Roger and I had begun working with a composer named Jonathan Larson. Jonathan was trying to complete a futuristic rock musical called "Superbia!" about an alienated and angry young man, trying to find love in the superficial, media-obsessed metropolis of 'In City.' Roger played the angry would-be hipster, and I played Stud Star, the leading luminary. Jonathan's close friend Victoria Leacock had a life-long friend whom she loved like a brother, named Gordon, who was also a composer. At this time, Gordon was in the throws of full-blown AIDS. Jonathan had also learned that his closest friend Matthew was HIV positive. One day while Roger and I were at Jon's funky old brownstone apartment in SOHO working on another show, Jonathan said that Playwright's Horizons had put him in touch with a man named Billy Aronson who wanted to write an adaptation of La Boheme set in the East Village. He asked us to work on it, and we agreed. A few weeks later we met at the apartment again to start hammering out the arrangements for the first three songs of the show. Jonathan said "I've decided to call it RENT" Late in '89, we recorded those first three songs: RENT, I Should Tell You, and my solo, Santa Fe. The AIDS epidemic became the leitmotif of the show, as well as a celebration of hope and love, battered but not defeated.

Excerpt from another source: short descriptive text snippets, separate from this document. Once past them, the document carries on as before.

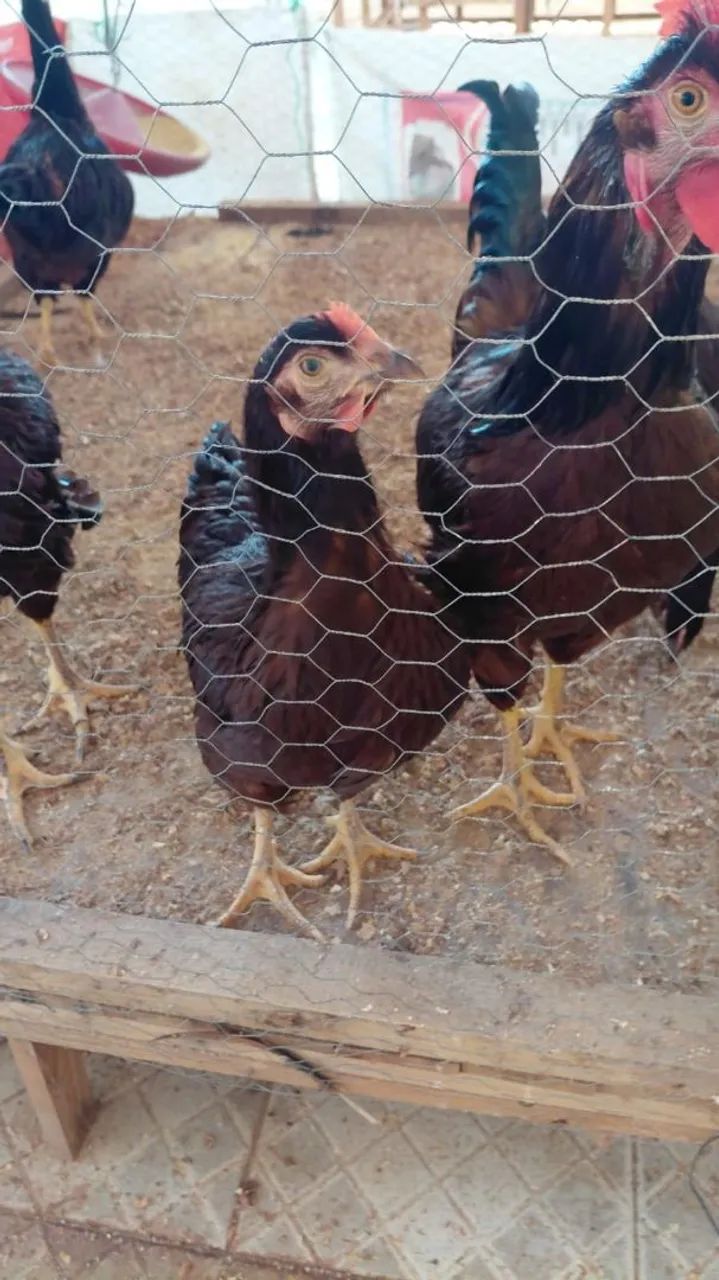 Frangos Rhode insland Red - Foto 2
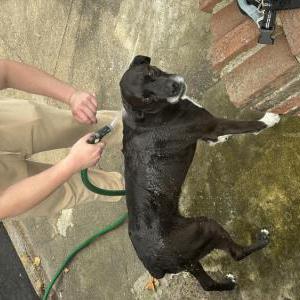 Lost Dog Maggie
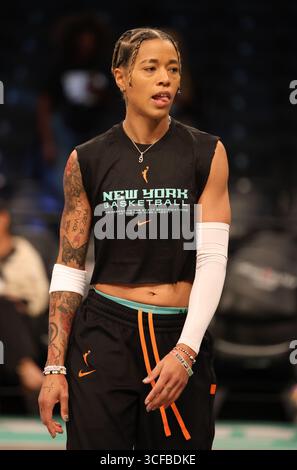Natasha Cloud #9 and the New York Liberty take on the Atlanta Dream at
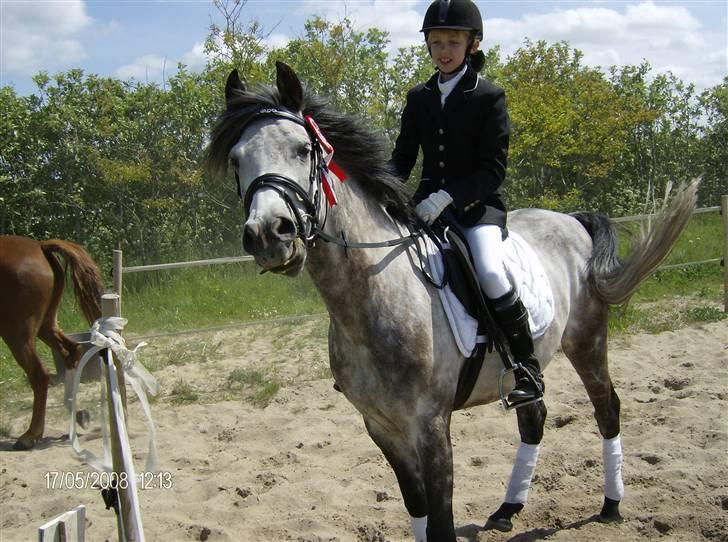 Sportsaraber (A) Silvado - silver *NYT* billede 1
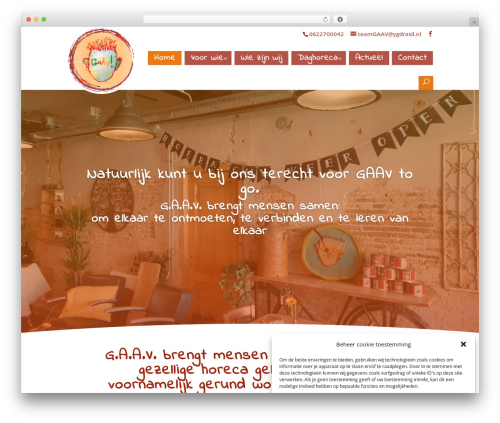 WordPress theme Divi - gaavwijhe.nl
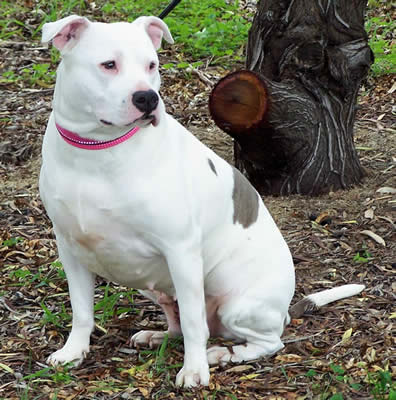 Immortalz Sassy Sally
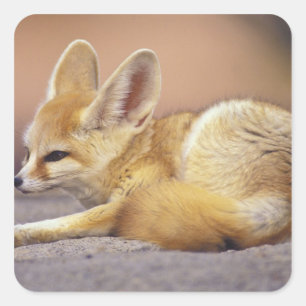 Noord-Afrika. Fennek Fennecus zerda) Vierkante Sticker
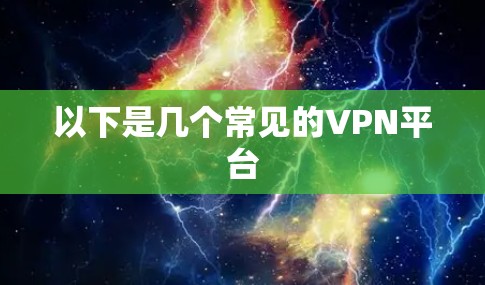 以下是几个常见的VPN平台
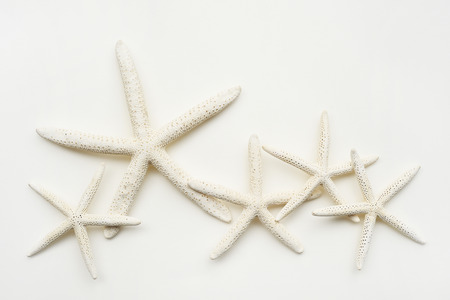 starfishes on white backgroundの写真素材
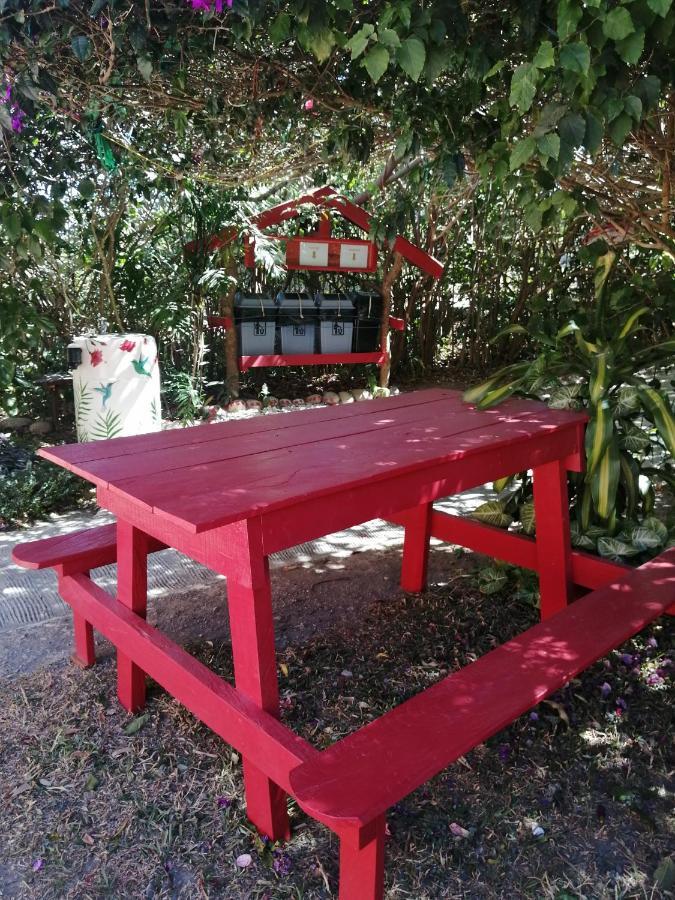 Pension Y Cabinas Colibri B&B Costa Rica Monteverde Bagian luar foto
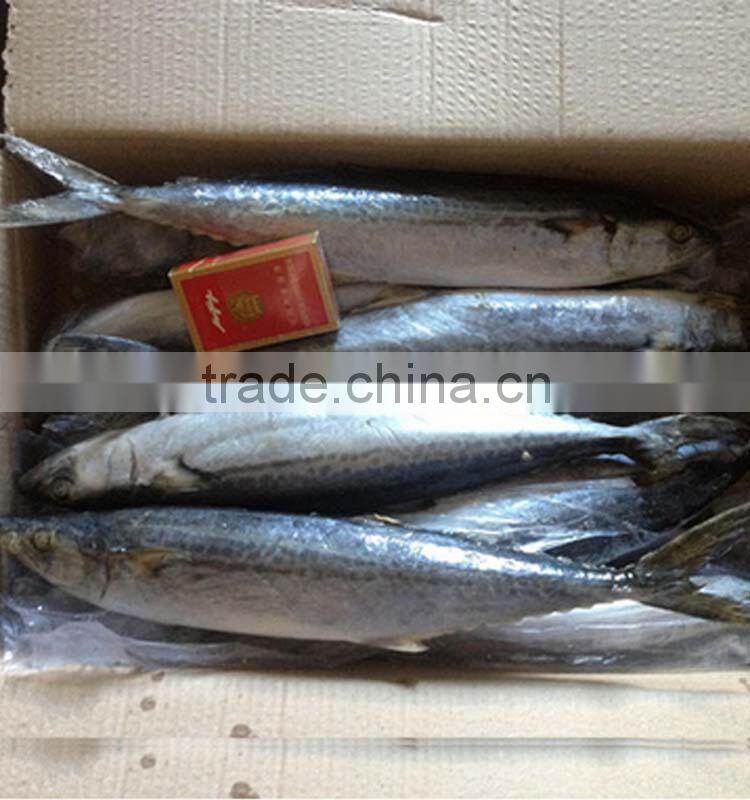 frozen spanish mackerel+frozen pacific mackerel
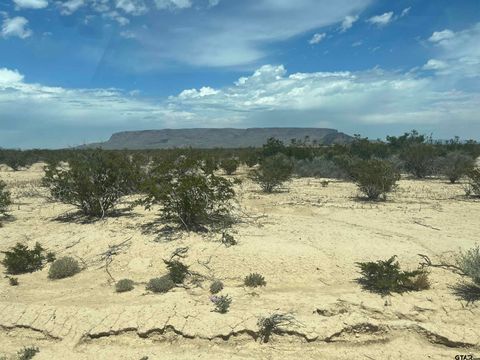 15218 N Lowery Key Rd Terlingua TX 79852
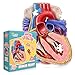 Genius Games Human Heart Anatomy Floor Puzzle Genius Games Doctor Livingston Jr Anatomy Toy Kids Puzzles Science Toys Human Heart Model 100 Piece Jigsaw Puzzles for Kids Toddlers Teens - Image 3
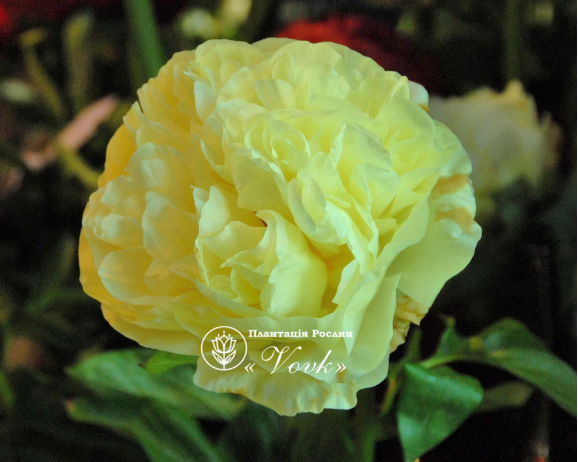 Кореневища півонії Lemon Chiffon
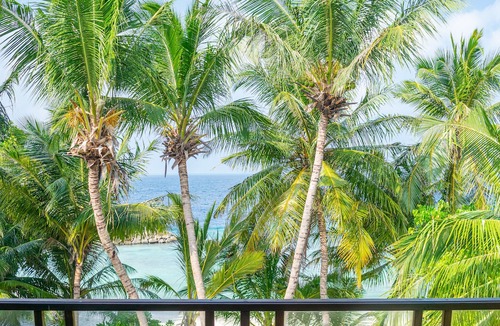 Dharavandhoo House | Luxury and Affordable Beach Holiday in Maldives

Shortly thereafter, Roger left to go on tour with a Broadway show, and I went to Florida to work at MGM. During this time, Marcus had begun to get thin and weak. I left my contract early in the fall, and returned to New York to be with him. He died on November 7th, 1990. Within a few years, nearly all of the people I had known from the West Village were dead. My brother Chris died on December 29th 1999.


Today is World AIDS Day, and I salute the memory of all those who have fallen.


*Update: Sadly, Jon Cavalluzo passed away on February 2, 2016, one day prior to my husband's death.